Print only the lines running from the line with "retro nostalgia. 140459055" to the final line below, both included, exactly as written and without the pictures.

Items from a data source
+ + + +
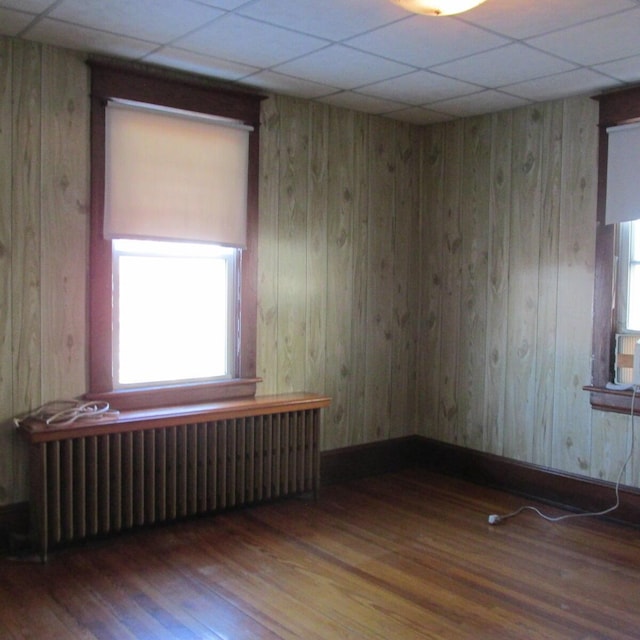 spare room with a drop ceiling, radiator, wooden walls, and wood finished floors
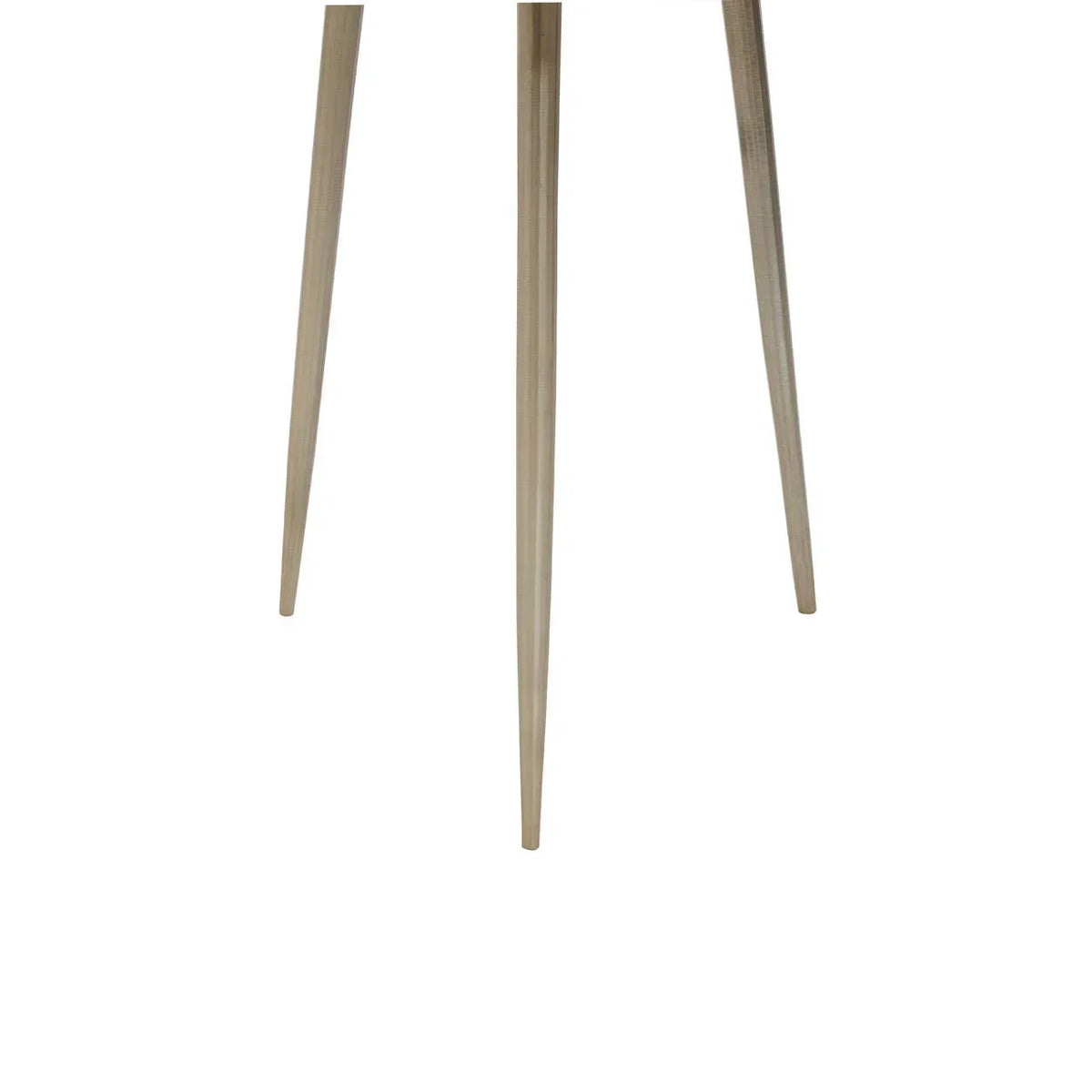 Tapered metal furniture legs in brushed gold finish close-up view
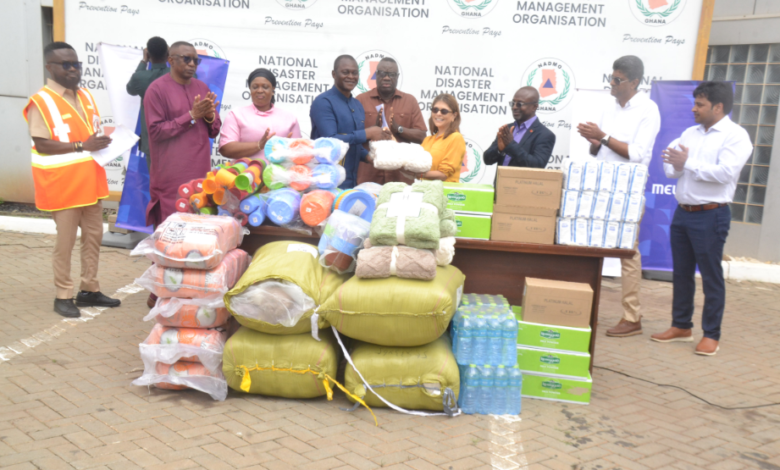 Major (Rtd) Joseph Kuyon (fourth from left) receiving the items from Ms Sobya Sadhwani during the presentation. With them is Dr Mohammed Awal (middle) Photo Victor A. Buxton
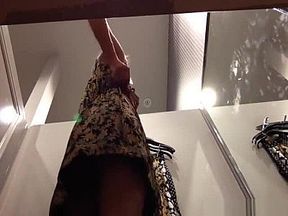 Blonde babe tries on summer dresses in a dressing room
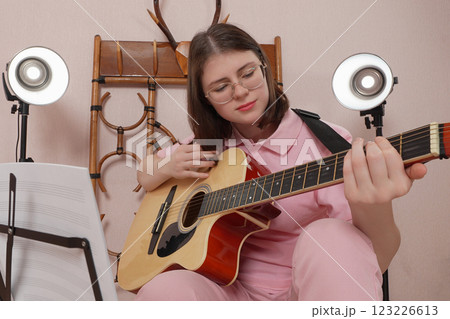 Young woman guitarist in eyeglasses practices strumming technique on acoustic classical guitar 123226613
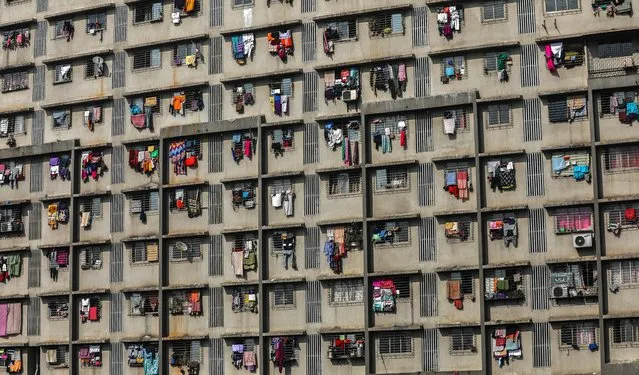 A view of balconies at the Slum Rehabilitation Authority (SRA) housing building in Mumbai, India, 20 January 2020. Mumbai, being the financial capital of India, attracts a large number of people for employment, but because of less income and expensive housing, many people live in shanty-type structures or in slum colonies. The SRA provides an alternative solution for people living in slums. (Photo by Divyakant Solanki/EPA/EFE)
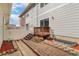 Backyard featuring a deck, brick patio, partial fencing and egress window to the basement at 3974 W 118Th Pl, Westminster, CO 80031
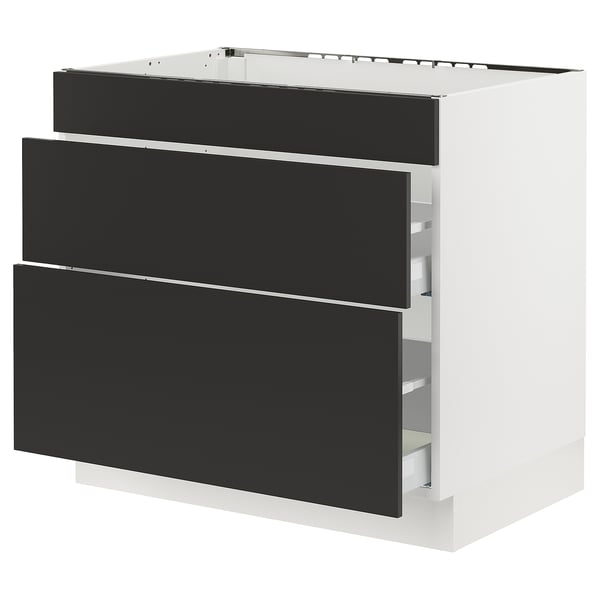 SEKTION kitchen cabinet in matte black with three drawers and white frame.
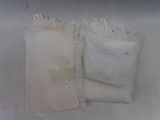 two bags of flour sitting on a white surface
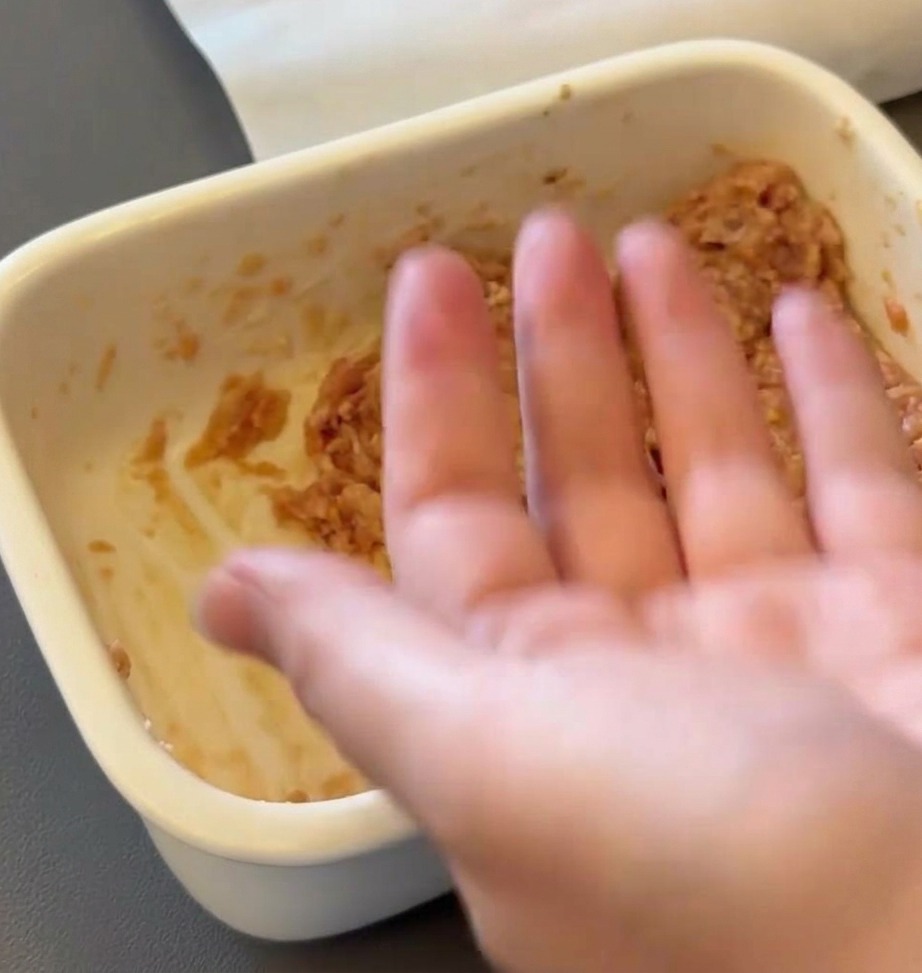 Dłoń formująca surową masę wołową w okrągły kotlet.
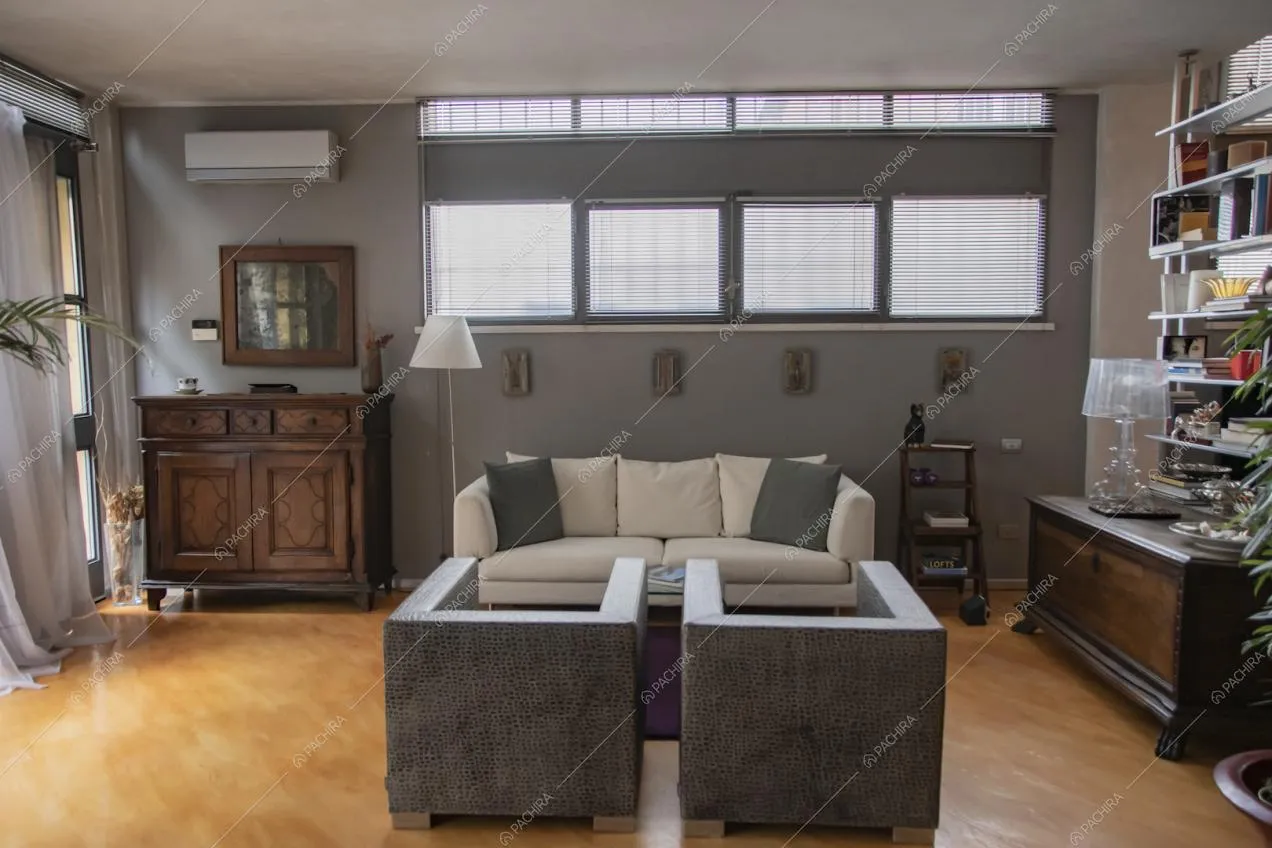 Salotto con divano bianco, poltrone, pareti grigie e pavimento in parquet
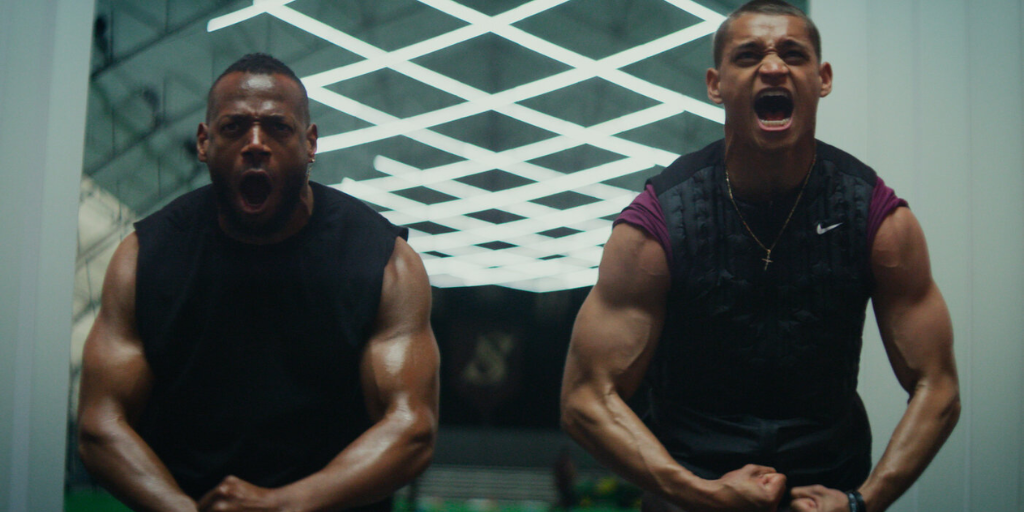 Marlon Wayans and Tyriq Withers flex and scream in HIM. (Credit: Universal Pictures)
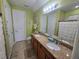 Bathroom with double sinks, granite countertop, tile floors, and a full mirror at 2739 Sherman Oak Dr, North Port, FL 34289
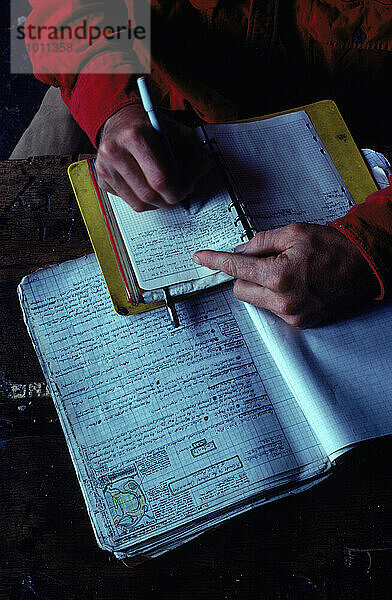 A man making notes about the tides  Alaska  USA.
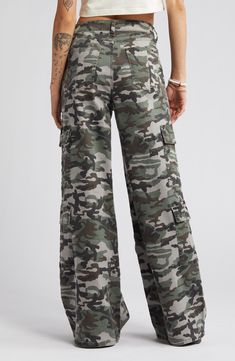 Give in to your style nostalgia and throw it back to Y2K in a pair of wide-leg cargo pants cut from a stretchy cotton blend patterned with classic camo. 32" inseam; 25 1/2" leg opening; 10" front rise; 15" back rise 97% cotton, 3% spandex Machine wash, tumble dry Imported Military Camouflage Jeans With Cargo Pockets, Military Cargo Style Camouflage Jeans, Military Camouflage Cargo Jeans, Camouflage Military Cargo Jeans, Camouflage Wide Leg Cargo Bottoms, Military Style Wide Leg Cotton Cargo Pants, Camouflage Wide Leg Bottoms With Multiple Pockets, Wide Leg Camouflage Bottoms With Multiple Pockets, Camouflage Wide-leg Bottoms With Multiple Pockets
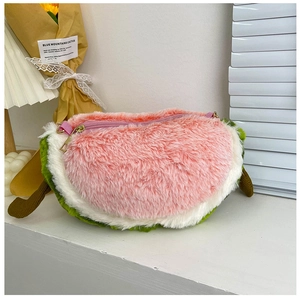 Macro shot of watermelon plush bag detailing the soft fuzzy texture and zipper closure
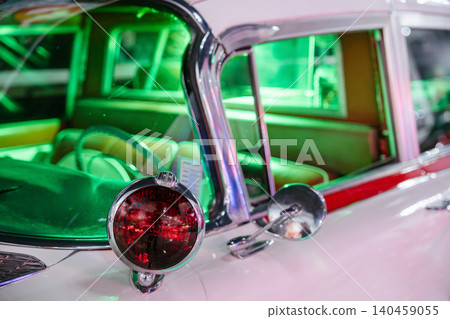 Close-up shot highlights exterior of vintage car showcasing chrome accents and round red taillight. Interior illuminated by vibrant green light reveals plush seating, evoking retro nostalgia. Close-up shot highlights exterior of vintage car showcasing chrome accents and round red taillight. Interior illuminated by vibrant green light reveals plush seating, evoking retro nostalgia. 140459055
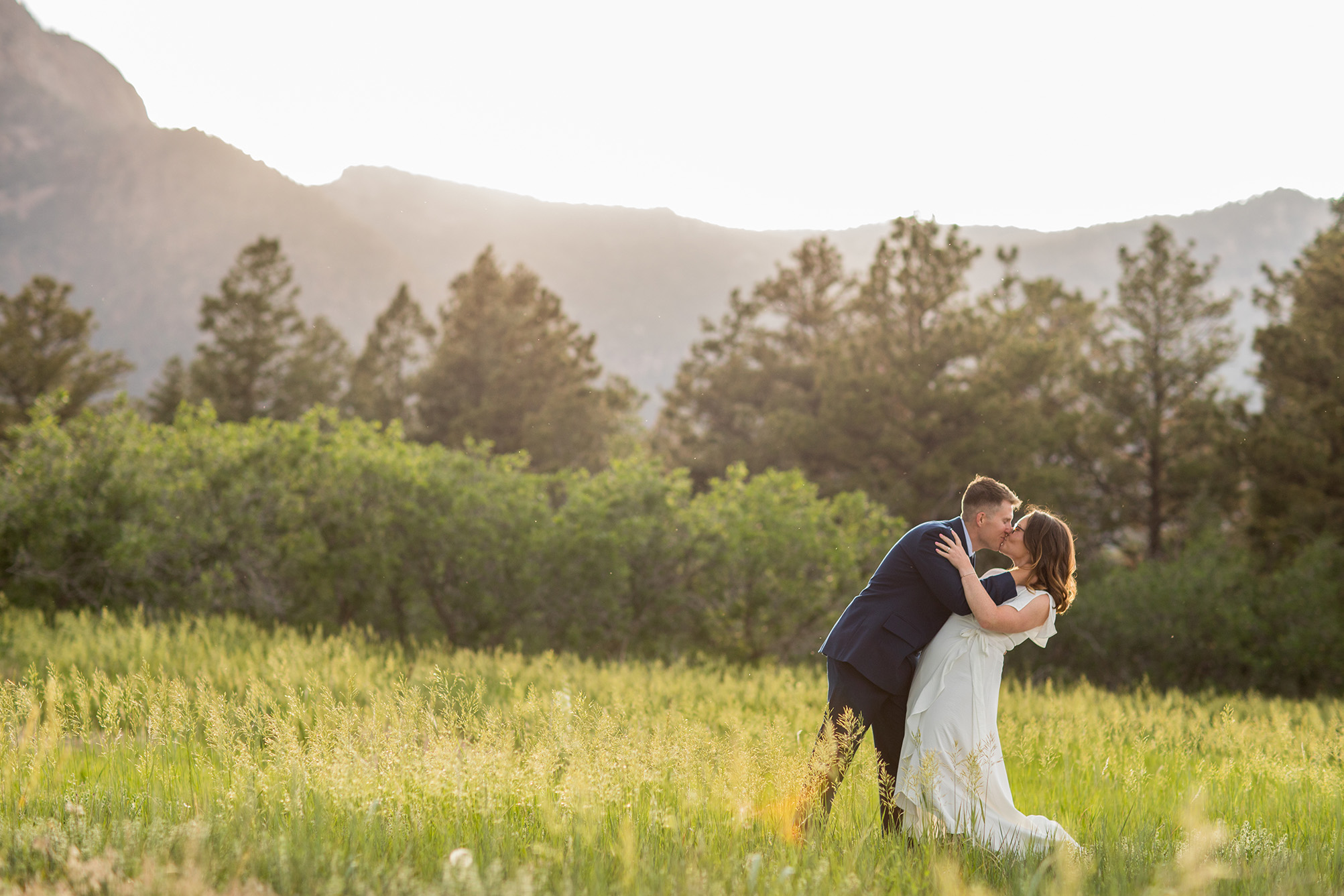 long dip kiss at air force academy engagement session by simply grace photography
+ + + +
◆ **OUTPUT**:
 Close-up shot highlights exterior of vintage car showcasing chrome accents and round red taillight. Interior illuminated by vibrant green light reveals plush seating, evoking retro nostalgia. Close-up shot highlights exterior of vintage car showcasing chrome accents and round red taillight. Interior illuminated by vibrant green light reveals plush seating, evoking retro nostalgia. 140459055
 long dip kiss at air force academy engagement session by simply grace photography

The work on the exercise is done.